Perkembangan Teknologi Kecerdasan Buatan di Tiongkok
Baidu Inc. semakin memperkuat ambisi kemandirian teknologi Tiongkok dengan meluncurkan dua prosesor kecerdasan buatan (AI) dan sistem komputasi super terbaru pada konferensi tahunan Baidu World. Peluncuran ini terjadi di tengah persaingan teknologi yang semakin ketat antara Amerika Serikat (AS) dan Tiongkok, khususnya terkait pembatasan ekspor chip AI canggih ke perusahaan-perusahaan Tiongkok.

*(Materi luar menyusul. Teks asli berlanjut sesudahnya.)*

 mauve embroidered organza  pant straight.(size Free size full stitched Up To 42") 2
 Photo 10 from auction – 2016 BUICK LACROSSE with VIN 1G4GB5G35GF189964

Pada acara tersebut, Baidu memperkenalkan M100, sebuah chip yang difokuskan untuk pemrosesan inferensi, yaitu tahap ketika model AI digunakan untuk menjawab permintaan atau membuat prediksi. Chip ini akan diluncurkan pada awal 2026. Diikuti oleh M300, prosesor yang mampu menangani pelatihan dan inferensi sekaligus, yang direncanakan hadir pada awal 2027. Dalam pernyataan resminya, Baidu menyatakan bahwa teknologi tersebut dikembangkan untuk menyediakan kemampuan komputasi yang “kuat, berbiaya rendah, dan sepenuhnya berada di bawah kendali domestik Tiongkok.”
Selain prosesor, Baidu juga mengumumkan dua sistem superkomputasi yang disebut supernode. Sistem pertama, Tianchi 256, menggunakan 256 chip P800, sementara versi lebih besar akan memiliki 512 chip dan akan meluncur pada paruh kedua tahun depan. Sistem ini dirancang untuk menghubungkan banyak prosesor guna mengatasi keterbatasan performa tiap chip secara individual, sekaligus memperkuat kapasitas komputasi nasional.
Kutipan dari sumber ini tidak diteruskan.